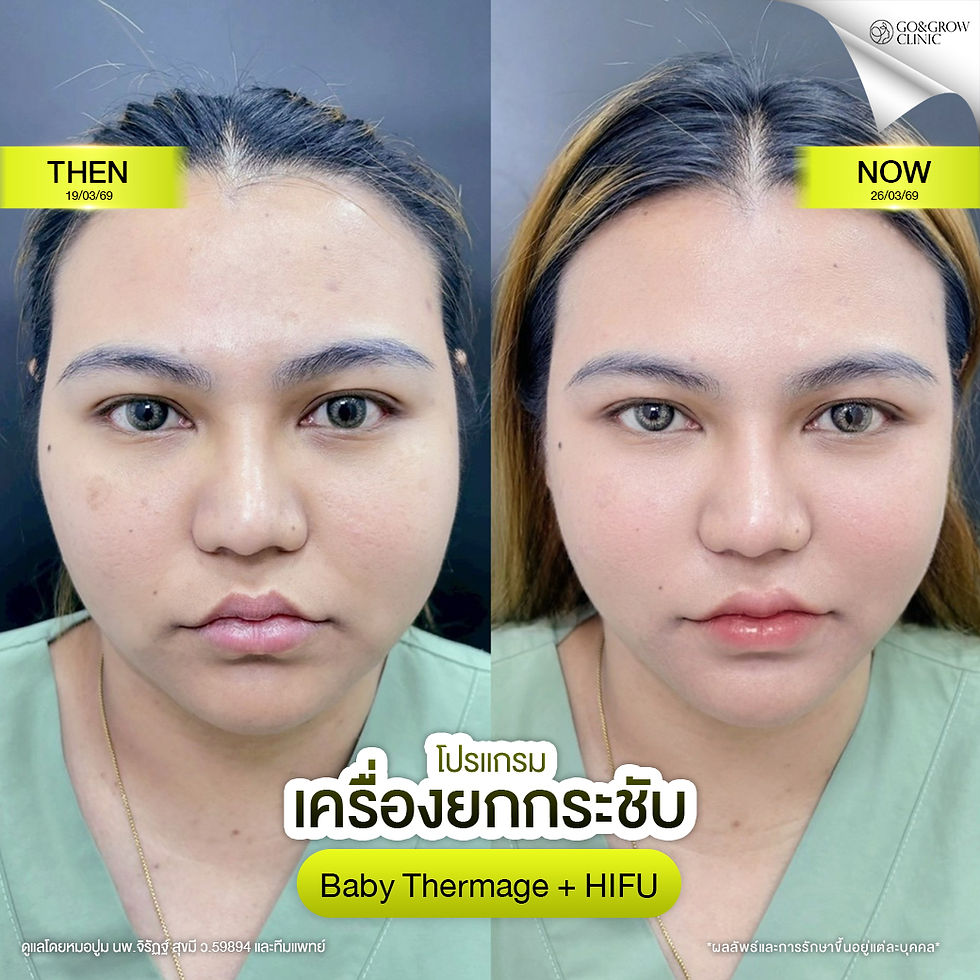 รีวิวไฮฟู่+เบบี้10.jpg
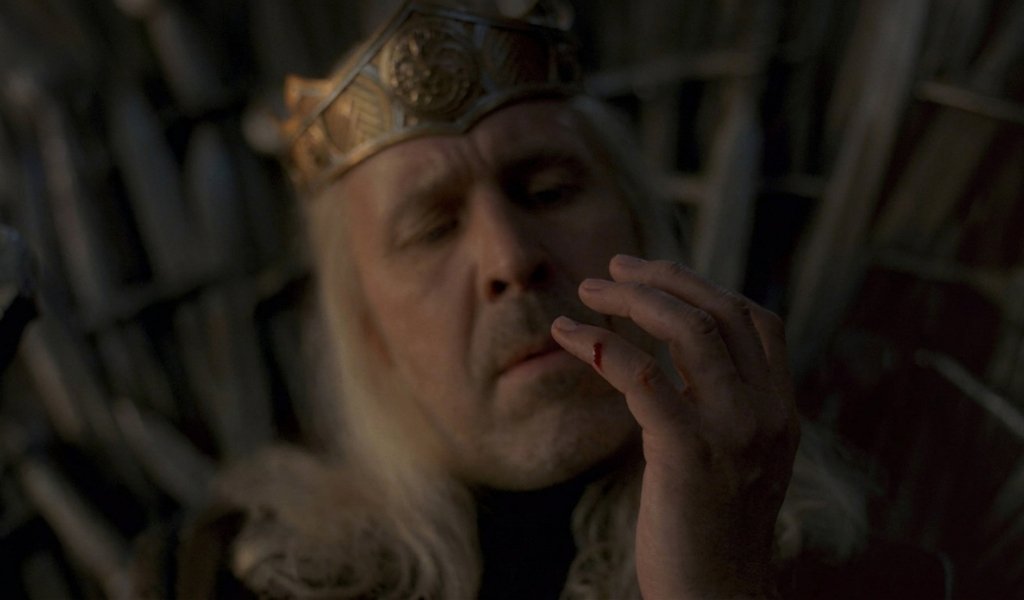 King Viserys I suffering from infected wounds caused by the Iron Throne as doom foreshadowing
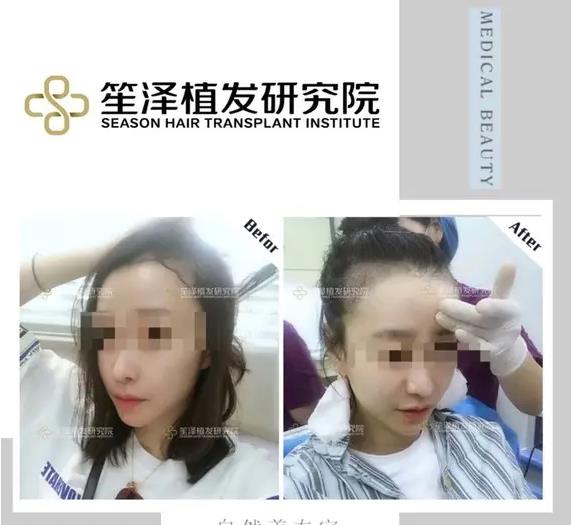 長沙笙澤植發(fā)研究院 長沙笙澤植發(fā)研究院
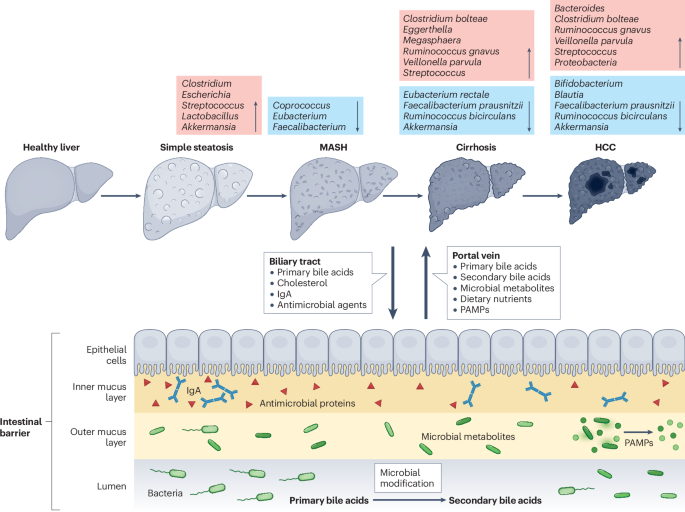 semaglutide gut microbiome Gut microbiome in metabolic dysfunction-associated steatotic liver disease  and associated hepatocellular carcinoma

- **Directions for this task**: Pictures are to be left out; all other data must be returned exactly.

- **Task response**:
 รีวิวไฮฟู่+เบบี้10.jpg
 King Viserys I suffering from infected wounds caused by the Iron Throne as doom foreshadowing
 長沙笙澤植發(fā)研究院 長沙笙澤植發(fā)研究院
 semaglutide gut microbiome Gut microbiome in metabolic dysfunction-associated steatotic liver disease  and associated hepatocellular carcinoma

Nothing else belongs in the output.